Back in the Bloodletter’s time, this conversation would never have occurred. Assail would have been hunted down as an obstructionist and eliminated for both purpose and sport.
But Xcor had learned his lesson.
As his eyes went to Throe, standing so tall and elegant among the others, he thought, aye, he had learned that there was an appropriate place and time for certain…standards, he believed the word was.
“I meant what I said unto you, Xcor, son of the Bloodletter.” As Xcor flinched at the reference, he was glad this conversation was occurring over the phone. “I have no interest in either your agenda or the king’s. I am a businessman only—I am resigned from the Council, and I am unaligned with you. And Elan attempted to make a traitor out of me—something which, as you well know, comes with a price on one’s head. I took Elan’s life because he tried to take mine. It is entirely lawful.”
Xcor cursed to himself. The male had a rather good point. And whereas Assail’s rigid neutrality had at first seemed unbelievable, now Xcor was beginning to…well, trust was not a word he used with anyone other than his soldiers.
“Tell me something,” Xcor drawled.
“Yes?”
“Is his piggish head still attached to that weak little body of his?”
Assail chuckled. “No.”
“Do you know that is among my favorite ways of killing?”
“A warning for me, Xcor?”
Xcor glanced back at Throe, and thought again of the virtue of codes of behavior among even warring males.
“No,” he declared. “Just something we have in common. Fare thee well, Assail, for what is left of this night.”
“Yourself as well. And in the words of our mutual acquaintance, I must needs go. Afore I am forced to slaughter the doggen butler who is pounding, at this very instant, upon the door I have locked.”
Xcor threw his head back and laughed as he ended the call.
“You know,” he said to his fighters, “I rather like him.”
FIFTY-EIGHT
The following evening, as the shutters rose and an alarm clock Blay didn’t recognize started to chirp, he opened his eyes.
This was not his room. But he knew exactly where he was.
Next to him, against his back, Qhuinn stirred, the male’s body stretching against his own, naked skin brushing against naked skin—and didn’t that make his wake-up erection start to throb.
Qhuinn reached across Blay’s head, his heavy arm extending over, his hand slapping the clock into silence.
Lest there be any question as to whether he’d welcome a quickie before the whole shower-dress–First Meal thing, Blay arched, pushing his ass into the seat of Qhuinn’s pelvis. The groan that shot into his ear made him smile a little, but things got serious as Qhuinn’s dagger hand snaked downward and found Blay’s cock.
“Oh, fuck,” Blay breathed as he moved his leg up and out of the way.
“I’ve got to be inside of you.”
Funny, Blay was thinking the exact same thing.
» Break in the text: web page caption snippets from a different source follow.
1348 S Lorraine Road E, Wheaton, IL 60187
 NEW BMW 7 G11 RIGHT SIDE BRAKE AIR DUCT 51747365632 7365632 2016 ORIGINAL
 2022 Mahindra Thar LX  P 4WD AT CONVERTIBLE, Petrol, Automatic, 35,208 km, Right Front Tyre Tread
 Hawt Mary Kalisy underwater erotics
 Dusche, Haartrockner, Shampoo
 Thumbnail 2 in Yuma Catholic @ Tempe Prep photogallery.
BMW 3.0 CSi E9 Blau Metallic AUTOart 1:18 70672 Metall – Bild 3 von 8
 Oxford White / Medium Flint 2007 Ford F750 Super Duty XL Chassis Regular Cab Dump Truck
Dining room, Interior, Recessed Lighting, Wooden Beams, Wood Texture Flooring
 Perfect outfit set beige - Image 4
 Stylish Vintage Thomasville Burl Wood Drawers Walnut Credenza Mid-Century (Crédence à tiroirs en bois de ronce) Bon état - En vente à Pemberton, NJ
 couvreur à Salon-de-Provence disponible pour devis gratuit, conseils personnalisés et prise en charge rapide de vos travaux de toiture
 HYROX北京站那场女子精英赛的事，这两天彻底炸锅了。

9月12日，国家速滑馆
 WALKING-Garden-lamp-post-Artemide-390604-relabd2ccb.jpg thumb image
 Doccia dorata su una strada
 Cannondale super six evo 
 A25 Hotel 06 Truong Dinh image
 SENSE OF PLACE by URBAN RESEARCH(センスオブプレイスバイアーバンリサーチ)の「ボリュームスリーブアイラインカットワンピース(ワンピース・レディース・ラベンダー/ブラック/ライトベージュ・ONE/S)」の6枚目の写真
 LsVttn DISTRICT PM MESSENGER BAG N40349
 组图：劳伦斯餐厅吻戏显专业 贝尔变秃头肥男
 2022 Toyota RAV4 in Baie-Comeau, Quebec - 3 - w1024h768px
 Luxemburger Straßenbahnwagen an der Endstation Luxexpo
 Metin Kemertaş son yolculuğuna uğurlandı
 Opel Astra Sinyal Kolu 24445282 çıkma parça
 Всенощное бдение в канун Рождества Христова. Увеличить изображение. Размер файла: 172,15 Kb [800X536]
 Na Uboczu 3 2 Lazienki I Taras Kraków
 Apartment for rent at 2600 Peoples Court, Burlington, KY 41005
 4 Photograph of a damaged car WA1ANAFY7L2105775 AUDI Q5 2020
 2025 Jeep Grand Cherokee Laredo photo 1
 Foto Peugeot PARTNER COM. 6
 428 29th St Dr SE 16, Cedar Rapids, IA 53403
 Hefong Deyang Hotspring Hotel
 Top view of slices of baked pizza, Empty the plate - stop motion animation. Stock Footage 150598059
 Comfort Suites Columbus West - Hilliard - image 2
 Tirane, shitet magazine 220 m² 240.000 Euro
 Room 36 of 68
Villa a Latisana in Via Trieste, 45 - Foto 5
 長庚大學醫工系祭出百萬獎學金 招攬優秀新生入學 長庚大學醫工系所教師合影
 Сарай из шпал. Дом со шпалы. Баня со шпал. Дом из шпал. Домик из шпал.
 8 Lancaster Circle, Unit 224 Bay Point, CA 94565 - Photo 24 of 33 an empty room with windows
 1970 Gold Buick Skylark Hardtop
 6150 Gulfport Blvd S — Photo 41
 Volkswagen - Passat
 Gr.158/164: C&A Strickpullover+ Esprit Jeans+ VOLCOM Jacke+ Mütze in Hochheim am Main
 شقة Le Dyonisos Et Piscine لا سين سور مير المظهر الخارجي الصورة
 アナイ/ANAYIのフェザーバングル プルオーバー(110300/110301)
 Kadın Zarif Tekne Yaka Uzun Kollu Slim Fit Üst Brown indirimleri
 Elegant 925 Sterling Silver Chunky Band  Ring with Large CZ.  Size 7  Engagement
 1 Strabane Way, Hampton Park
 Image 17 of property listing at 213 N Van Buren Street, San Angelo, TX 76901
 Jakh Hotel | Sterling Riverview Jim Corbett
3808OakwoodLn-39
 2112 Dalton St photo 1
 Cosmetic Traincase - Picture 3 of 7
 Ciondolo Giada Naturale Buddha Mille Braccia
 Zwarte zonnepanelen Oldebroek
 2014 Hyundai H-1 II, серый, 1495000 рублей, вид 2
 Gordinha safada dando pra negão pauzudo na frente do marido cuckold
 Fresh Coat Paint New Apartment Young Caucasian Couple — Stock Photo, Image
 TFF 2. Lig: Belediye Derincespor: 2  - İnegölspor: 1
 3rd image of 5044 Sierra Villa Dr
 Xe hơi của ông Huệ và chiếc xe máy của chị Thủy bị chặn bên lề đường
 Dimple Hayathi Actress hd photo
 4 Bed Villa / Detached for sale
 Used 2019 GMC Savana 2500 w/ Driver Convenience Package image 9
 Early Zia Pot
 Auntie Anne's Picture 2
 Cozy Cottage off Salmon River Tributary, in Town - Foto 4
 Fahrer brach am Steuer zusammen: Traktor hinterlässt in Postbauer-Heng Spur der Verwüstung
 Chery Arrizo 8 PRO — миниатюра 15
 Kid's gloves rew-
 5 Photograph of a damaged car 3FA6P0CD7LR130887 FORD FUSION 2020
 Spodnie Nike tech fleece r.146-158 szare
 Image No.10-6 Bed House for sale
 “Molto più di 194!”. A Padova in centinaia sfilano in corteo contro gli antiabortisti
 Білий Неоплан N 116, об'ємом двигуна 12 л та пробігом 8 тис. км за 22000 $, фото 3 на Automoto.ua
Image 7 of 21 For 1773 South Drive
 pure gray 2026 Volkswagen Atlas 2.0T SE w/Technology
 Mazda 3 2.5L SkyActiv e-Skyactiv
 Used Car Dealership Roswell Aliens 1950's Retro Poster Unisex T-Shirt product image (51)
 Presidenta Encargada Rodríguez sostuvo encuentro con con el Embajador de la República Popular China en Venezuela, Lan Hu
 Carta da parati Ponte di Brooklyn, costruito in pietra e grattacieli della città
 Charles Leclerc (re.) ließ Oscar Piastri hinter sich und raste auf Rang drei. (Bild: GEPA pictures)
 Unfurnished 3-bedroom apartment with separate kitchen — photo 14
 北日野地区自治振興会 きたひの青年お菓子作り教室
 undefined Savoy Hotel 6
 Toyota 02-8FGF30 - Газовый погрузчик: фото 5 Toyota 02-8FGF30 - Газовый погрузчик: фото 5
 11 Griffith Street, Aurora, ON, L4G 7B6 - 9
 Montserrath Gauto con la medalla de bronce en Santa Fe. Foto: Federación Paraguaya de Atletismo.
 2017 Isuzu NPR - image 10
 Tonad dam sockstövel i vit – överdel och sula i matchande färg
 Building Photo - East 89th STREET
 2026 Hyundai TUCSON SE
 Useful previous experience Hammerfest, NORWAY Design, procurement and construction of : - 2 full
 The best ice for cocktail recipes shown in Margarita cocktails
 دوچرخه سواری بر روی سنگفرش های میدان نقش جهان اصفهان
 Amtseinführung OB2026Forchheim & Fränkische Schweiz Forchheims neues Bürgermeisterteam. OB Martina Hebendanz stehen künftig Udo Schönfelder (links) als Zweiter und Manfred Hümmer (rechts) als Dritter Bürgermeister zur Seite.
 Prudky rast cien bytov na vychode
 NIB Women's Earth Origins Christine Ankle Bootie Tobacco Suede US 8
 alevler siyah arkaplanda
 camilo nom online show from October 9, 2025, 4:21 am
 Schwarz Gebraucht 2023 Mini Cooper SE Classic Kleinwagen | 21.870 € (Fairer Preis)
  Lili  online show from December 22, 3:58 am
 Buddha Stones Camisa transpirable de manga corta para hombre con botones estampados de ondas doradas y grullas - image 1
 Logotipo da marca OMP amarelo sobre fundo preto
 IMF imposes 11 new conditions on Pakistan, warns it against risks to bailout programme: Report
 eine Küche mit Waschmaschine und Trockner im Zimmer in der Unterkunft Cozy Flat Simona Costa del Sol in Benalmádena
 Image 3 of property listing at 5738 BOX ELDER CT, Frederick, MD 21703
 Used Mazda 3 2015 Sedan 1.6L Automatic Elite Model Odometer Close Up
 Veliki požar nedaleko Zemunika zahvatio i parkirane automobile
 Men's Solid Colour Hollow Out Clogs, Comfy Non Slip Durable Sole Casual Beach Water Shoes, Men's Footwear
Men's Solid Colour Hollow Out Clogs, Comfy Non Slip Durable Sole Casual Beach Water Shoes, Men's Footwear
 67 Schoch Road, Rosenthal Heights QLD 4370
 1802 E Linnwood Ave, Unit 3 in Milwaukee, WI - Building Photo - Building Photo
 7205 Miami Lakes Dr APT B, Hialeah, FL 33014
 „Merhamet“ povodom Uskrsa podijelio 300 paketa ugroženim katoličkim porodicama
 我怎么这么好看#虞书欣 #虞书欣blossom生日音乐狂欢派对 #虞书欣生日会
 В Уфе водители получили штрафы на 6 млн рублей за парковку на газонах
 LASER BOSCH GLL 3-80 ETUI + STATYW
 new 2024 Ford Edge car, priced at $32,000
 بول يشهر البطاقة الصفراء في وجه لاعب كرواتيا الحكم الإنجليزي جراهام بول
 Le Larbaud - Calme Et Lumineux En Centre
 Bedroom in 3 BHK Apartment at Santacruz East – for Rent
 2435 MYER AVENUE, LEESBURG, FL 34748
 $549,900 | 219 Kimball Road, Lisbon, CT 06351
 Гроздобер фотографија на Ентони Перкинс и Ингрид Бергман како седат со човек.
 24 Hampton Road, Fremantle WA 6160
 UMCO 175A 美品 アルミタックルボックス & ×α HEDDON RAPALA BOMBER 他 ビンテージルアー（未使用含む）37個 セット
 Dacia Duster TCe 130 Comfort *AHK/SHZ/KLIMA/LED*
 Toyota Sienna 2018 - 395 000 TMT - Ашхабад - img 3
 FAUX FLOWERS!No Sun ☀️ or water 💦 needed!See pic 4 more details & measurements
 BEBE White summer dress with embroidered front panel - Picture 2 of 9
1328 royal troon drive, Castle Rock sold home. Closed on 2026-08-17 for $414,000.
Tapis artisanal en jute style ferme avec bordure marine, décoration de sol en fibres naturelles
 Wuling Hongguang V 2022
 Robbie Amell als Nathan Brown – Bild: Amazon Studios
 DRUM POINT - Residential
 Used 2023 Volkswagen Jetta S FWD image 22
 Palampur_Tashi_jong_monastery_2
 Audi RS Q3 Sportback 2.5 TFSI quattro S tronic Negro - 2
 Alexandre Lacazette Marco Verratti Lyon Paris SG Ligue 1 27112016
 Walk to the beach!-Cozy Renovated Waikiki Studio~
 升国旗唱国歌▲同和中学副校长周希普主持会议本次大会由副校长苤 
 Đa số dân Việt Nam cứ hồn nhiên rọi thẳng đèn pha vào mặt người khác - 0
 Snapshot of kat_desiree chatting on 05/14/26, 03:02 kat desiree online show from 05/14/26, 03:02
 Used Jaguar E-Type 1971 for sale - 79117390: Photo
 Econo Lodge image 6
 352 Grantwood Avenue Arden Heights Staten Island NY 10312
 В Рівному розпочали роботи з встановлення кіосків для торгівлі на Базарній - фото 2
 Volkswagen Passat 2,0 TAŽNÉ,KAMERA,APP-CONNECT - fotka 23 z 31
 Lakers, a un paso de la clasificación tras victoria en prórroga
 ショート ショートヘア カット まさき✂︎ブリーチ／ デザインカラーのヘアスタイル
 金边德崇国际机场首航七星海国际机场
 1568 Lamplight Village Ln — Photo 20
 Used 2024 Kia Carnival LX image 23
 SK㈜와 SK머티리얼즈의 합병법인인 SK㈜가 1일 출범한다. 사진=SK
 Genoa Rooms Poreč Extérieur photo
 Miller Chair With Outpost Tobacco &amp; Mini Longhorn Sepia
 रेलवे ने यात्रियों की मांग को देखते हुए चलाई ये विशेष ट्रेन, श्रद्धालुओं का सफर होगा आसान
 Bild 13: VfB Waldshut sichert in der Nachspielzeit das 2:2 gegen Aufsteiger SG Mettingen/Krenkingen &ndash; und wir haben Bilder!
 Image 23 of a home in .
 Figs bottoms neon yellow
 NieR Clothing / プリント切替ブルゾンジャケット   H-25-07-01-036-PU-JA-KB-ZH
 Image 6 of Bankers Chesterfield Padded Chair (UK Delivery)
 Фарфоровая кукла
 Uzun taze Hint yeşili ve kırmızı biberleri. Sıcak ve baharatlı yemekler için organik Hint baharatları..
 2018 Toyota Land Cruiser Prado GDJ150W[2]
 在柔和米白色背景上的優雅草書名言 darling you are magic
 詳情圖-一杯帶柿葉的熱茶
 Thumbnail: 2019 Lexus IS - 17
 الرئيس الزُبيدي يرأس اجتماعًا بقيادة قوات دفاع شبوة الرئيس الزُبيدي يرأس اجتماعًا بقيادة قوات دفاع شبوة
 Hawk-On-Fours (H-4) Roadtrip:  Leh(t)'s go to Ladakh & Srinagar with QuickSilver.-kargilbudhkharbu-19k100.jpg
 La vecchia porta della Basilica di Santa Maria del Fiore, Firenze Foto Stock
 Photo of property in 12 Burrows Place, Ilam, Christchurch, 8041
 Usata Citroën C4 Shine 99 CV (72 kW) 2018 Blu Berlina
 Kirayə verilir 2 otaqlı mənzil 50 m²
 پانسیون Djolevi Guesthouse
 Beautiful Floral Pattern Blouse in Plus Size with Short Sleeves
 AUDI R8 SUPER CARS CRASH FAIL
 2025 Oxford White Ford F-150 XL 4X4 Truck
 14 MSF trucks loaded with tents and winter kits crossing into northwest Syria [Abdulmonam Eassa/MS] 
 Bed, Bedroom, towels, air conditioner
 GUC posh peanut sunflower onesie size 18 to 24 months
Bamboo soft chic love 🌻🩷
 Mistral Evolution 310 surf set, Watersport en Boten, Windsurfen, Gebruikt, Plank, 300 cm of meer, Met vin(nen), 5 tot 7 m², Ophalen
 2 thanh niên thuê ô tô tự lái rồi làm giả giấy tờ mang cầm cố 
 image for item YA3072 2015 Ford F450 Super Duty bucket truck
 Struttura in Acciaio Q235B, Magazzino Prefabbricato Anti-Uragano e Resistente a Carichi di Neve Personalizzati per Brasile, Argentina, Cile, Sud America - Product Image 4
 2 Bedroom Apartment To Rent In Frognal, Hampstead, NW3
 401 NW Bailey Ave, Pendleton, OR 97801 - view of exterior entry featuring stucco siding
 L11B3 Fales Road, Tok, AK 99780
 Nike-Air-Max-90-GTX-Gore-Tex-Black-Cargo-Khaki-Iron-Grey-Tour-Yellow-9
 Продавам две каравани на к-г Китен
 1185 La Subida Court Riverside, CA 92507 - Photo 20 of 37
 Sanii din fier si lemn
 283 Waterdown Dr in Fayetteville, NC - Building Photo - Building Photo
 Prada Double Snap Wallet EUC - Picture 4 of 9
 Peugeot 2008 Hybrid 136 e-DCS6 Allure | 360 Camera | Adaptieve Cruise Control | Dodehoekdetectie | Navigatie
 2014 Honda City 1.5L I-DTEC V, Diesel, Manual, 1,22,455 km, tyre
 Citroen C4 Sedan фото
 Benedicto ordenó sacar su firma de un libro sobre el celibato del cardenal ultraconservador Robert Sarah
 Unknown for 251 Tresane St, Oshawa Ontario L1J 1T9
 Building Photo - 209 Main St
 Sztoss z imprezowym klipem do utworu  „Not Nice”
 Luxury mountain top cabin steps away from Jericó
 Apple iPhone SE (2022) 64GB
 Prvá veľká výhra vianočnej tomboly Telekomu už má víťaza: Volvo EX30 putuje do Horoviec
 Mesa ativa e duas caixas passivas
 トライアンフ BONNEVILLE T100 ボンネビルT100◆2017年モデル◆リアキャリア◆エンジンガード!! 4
As Qhuinn mounted him, Blay eased onto his stomach, crushing Qhuinn’s palm into that hard ridge of arousal.
It didn’t take long for the rhythm to get fast and furious, and as Blay’s balls tightened with yet another release, he marveled that his desperation for the guy only seemed to grow—you’d think the number of times the pair of them had come together—literally—during the day would have taken this burn down to a rolling boil.
Not the case.
Giving himself over to the pleasure, Blay gritted his teeth as his release shot out at the same time Qhuinn’s hips locked up tight and the male grunted.
There was no second round. Not that Blay didn’t want it and Qhuinn wasn’t able—the clock was the problem.
When Blay reopened his eyes, the digital readout told him that Qhuinn’s alarm provided for only fifteen minutes of get-ready—time for a male’s quick shower and arming, nothing extra. Kind of made him wish the fighter had been more of a mousse, double-shave, cologne, matching-outfit sort of guy.
With another of his trademark erotic groans, Qhuinn eased them onto their sides, keeping them joined. As the guy breathed deeply, Blay realized he could have stayed like this forever, just the two of them in a silent, dim room. In this moment of peace and quiet, there was no overhang of the past, or anything that needed to be said but wasn’t, or third parties, real or fabricated, between them.
“At the end of the night,” Qhuinn said in a gravelly voice, “will you come to me again.”
“Yes, I will.”
There was no other answer that occurred to him. In fact, he wondered how he was going to wait through the twelve hours of darkness and meals and work until he could slip away and come back here.